■ DATA RECORDS ■
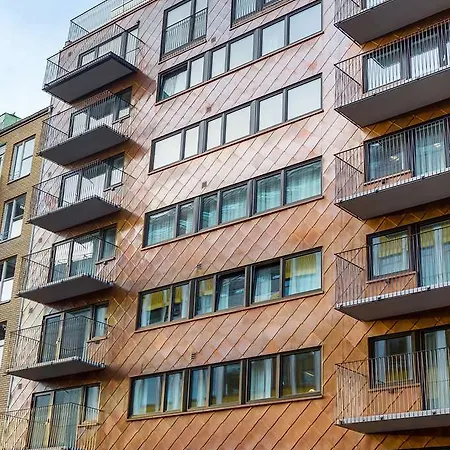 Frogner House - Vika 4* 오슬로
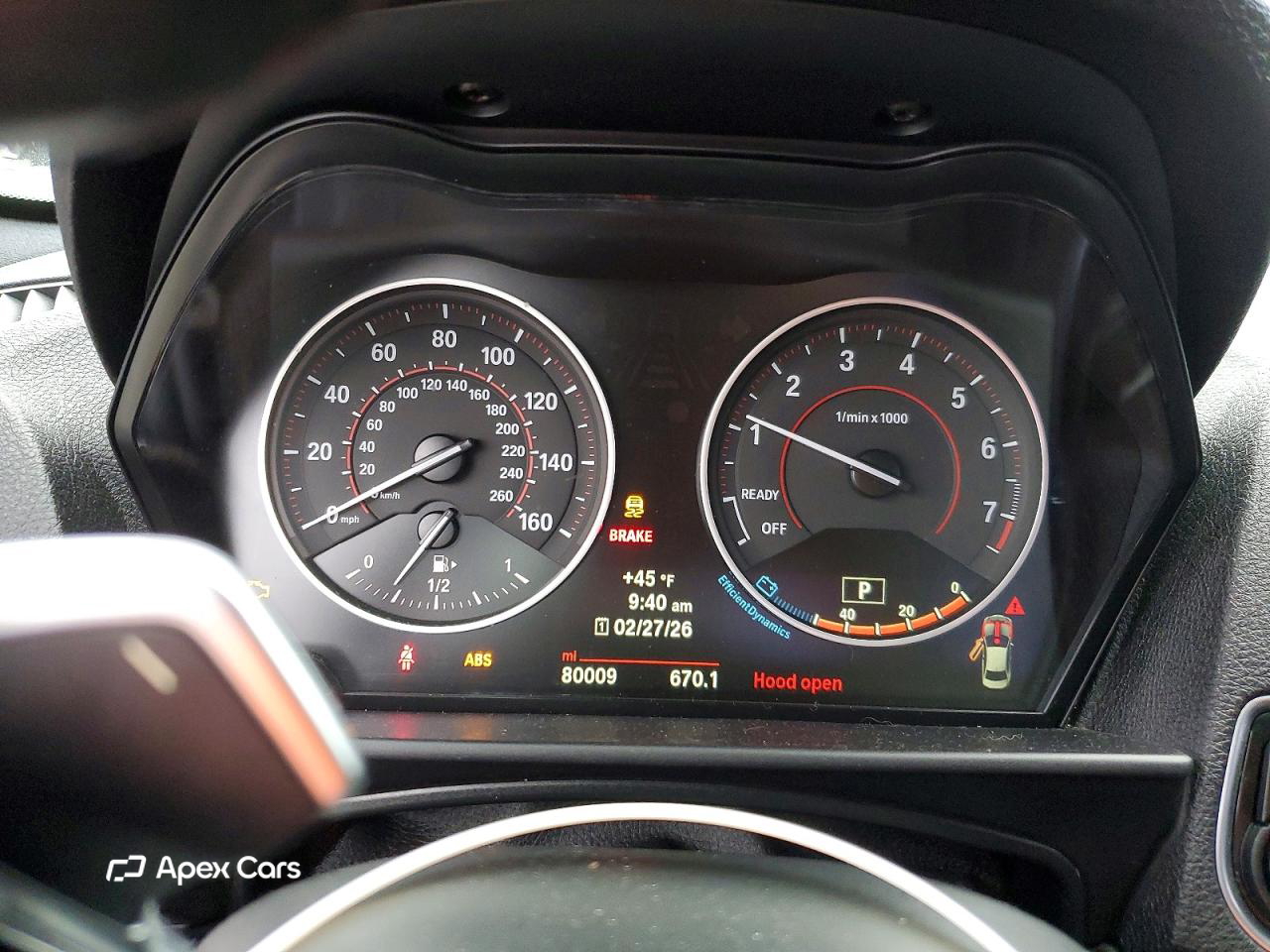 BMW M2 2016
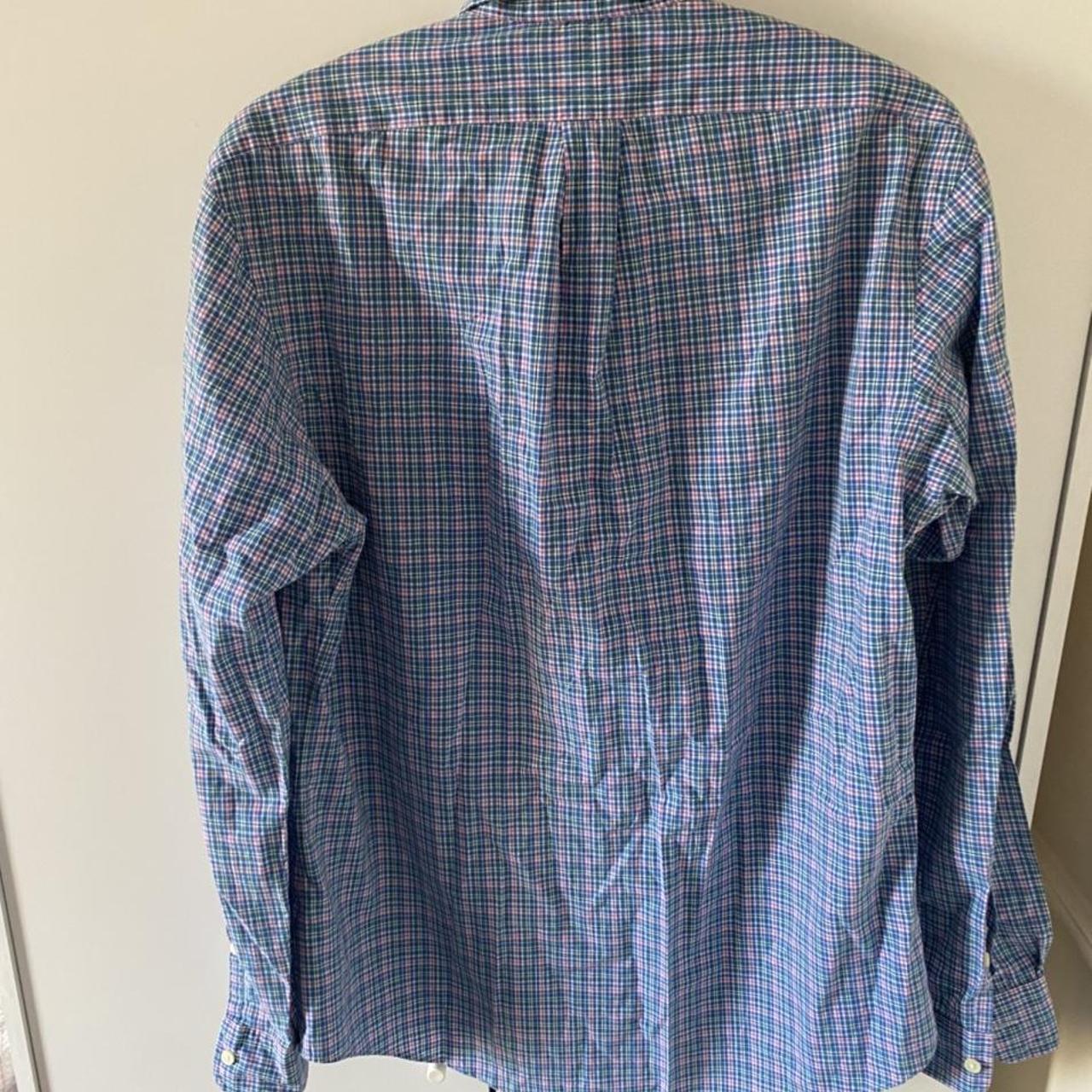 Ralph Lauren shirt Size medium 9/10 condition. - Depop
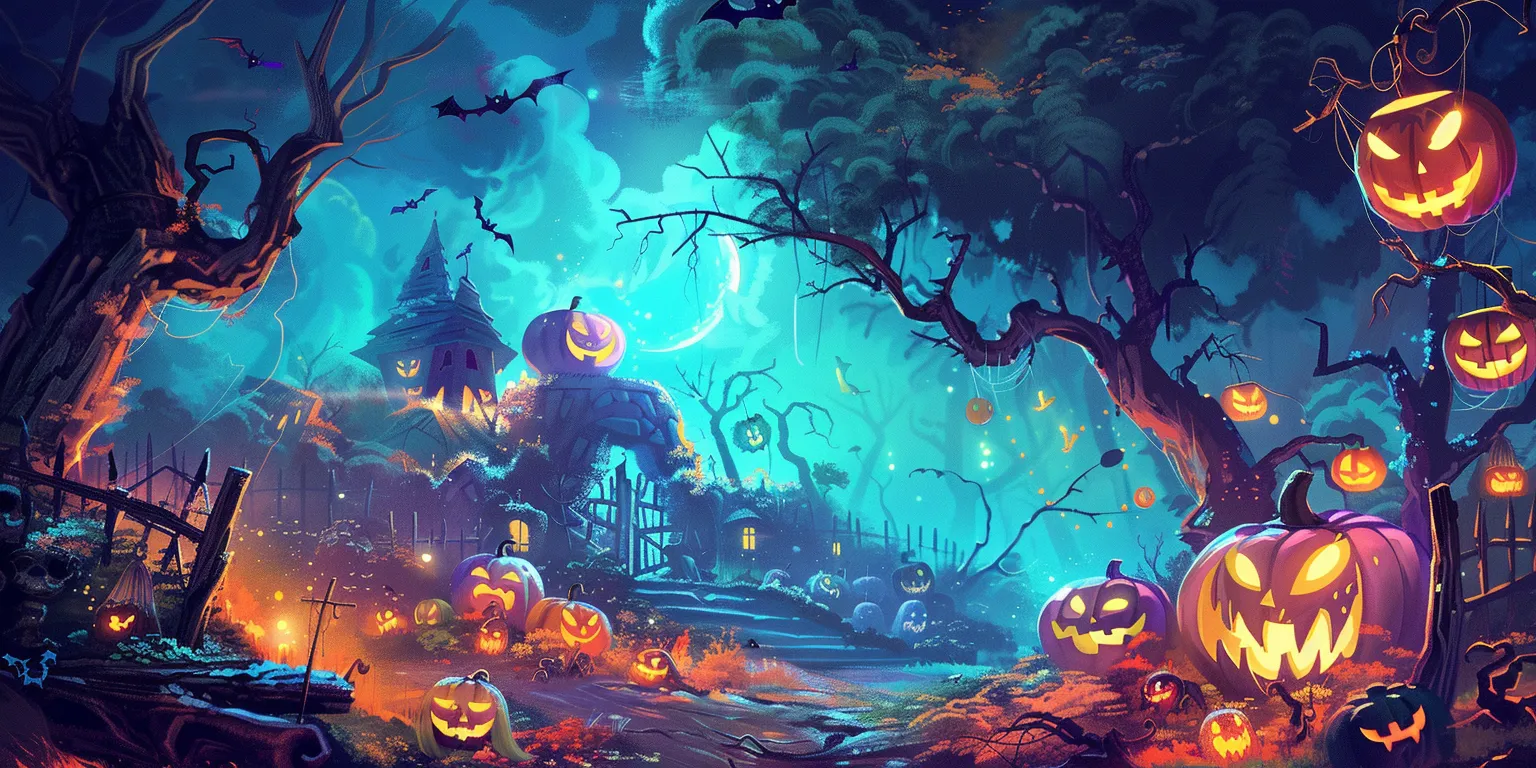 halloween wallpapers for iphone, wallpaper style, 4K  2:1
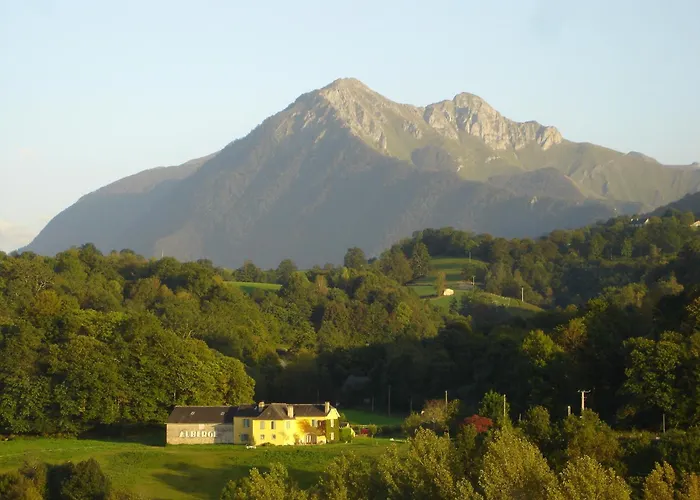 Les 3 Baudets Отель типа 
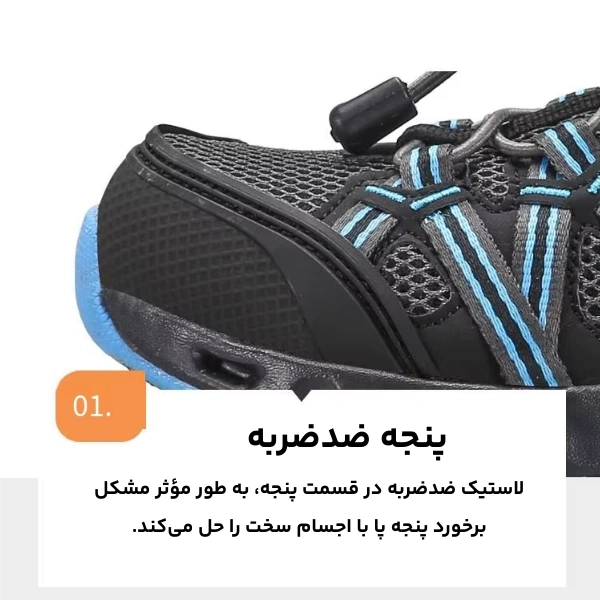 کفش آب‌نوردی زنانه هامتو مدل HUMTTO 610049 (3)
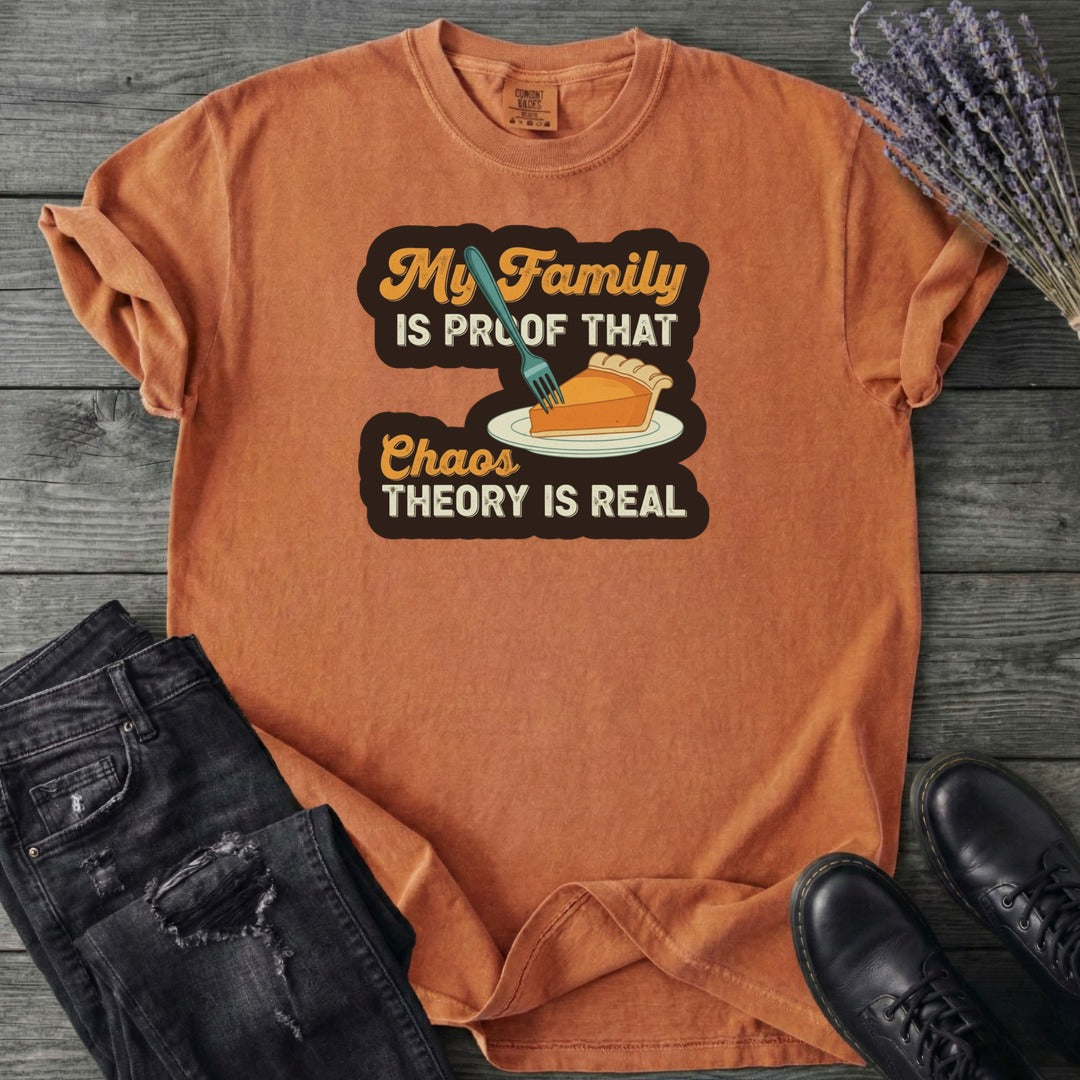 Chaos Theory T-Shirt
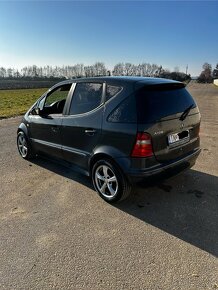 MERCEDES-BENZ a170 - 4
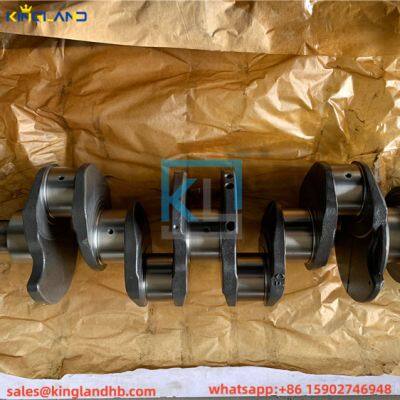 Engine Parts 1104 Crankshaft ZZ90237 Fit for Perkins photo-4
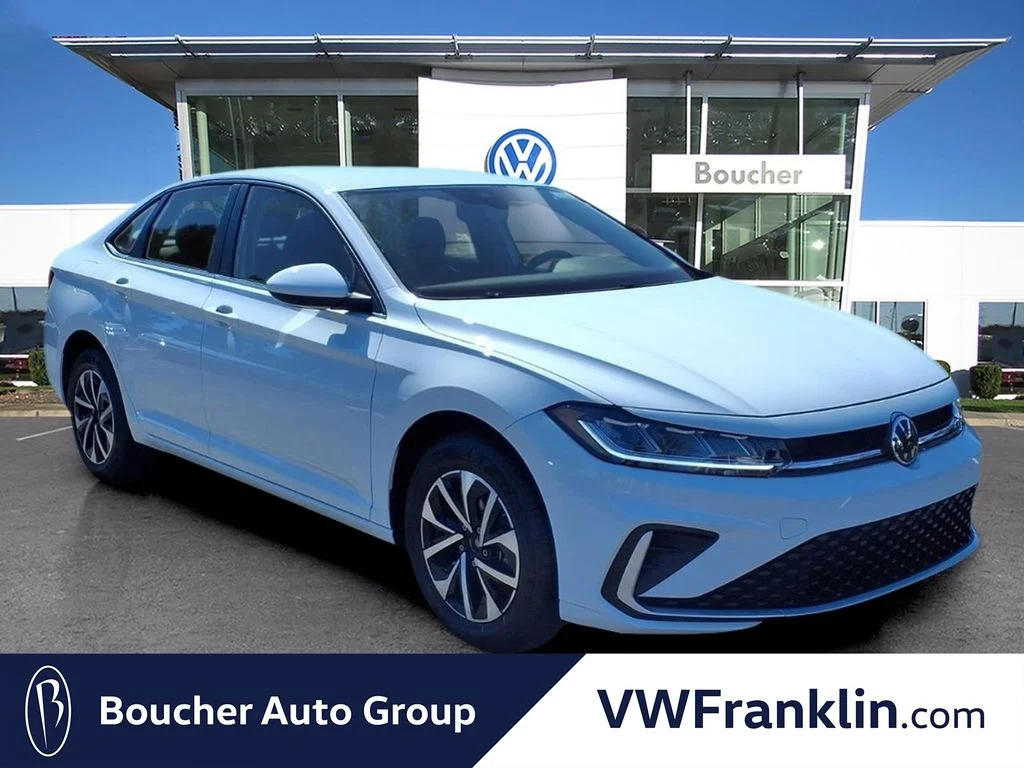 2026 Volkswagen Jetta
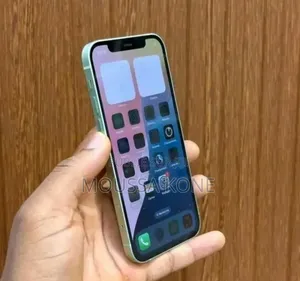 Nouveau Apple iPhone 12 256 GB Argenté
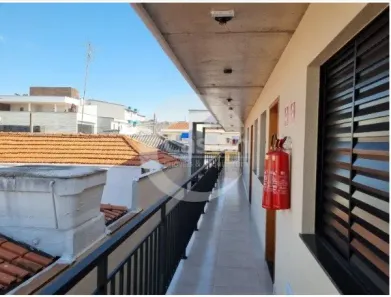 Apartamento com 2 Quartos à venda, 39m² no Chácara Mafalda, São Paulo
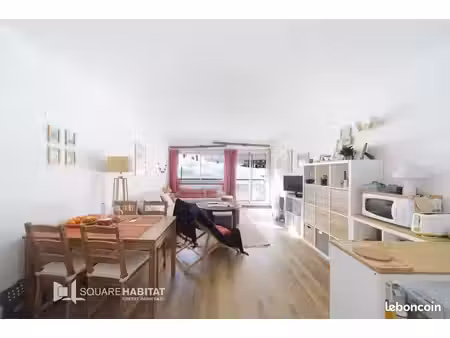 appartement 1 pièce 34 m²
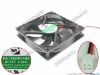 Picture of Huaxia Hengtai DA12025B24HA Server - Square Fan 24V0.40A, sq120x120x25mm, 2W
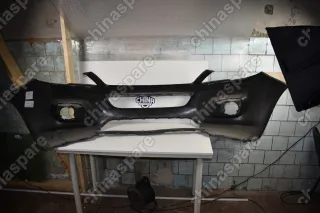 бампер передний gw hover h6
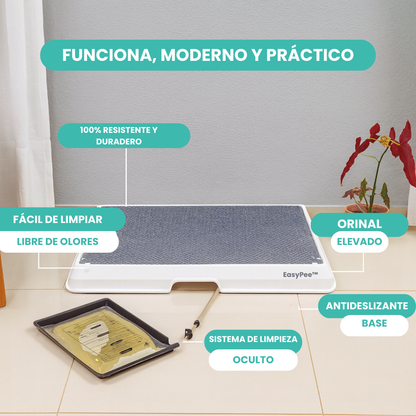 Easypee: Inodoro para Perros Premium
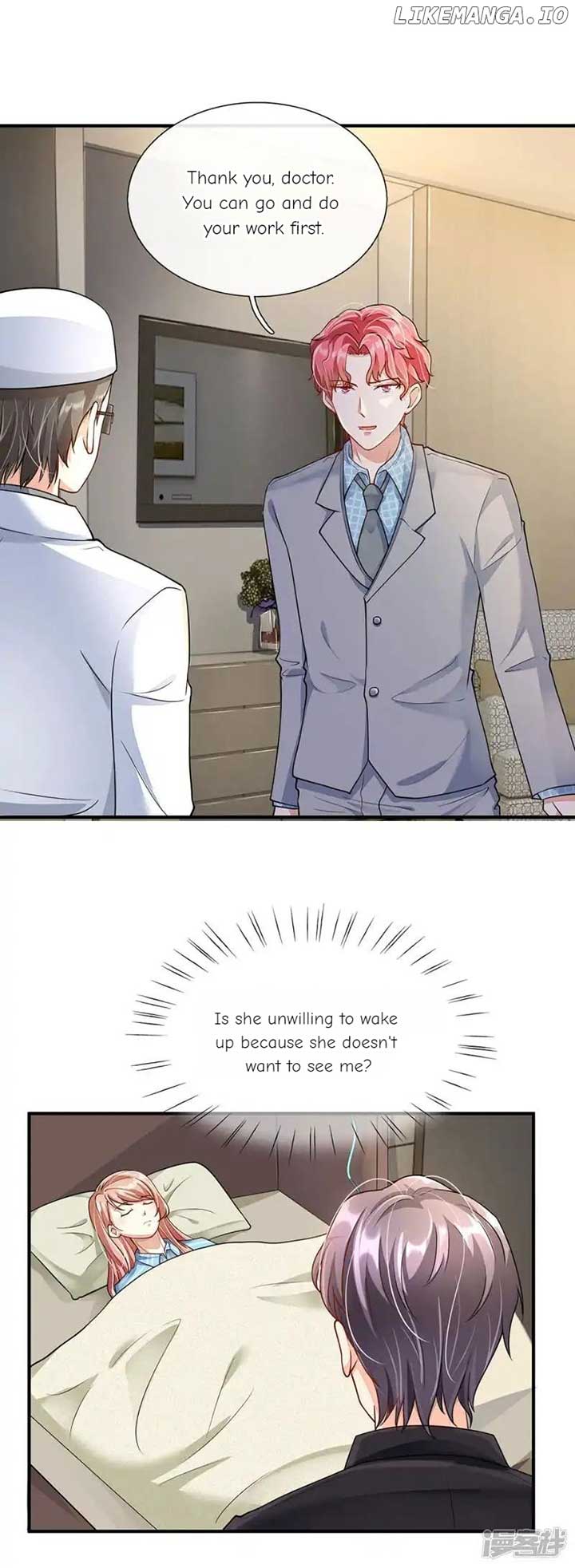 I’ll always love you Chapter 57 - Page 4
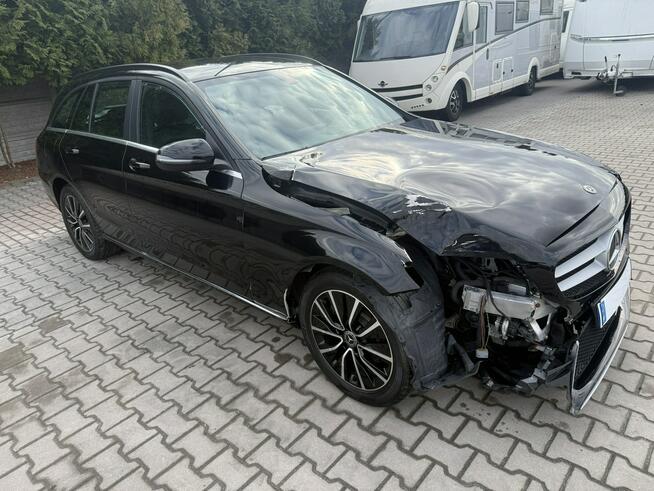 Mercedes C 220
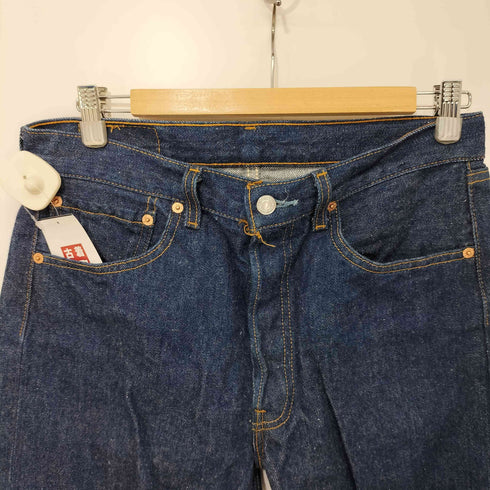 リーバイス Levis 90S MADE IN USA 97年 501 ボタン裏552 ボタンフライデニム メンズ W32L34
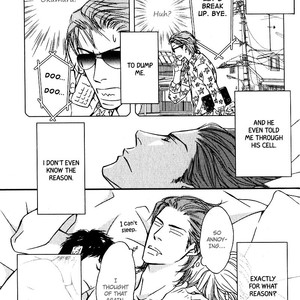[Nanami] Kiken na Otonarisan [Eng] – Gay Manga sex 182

■ YOUR OBJECTIVE ■
Copy exactly, and copy only, the lines from the one bearing "2026 Volkswagen Jetta" through the closing line of the material, with both ends kept and pictures removed.

■ RESPONSE TO THIS EXERCISE ■
 2026 Volkswagen Jetta
 Nouveau Apple iPhone 12 256 GB Argenté
 Apartamento com 2 Quartos à venda, 39m² no Chácara Mafalda, São Paulo
 appartement 1 pièce 34 m²
 Picture of Huaxia Hengtai DA12025B24HA Server - Square Fan 24V0.40A, sq120x120x25mm, 2W
 бампер передний gw hover h6
 Easypee: Inodoro para Perros Premium
 I’ll always love you Chapter 57 - Page 4
 Mercedes C 220
 リーバイス Levis 90S MADE IN USA 97年 501 ボタン裏552 ボタンフライデニム メンズ W32L34
[Nanami] Kiken na Otonarisan [Eng] – Gay Manga sex 182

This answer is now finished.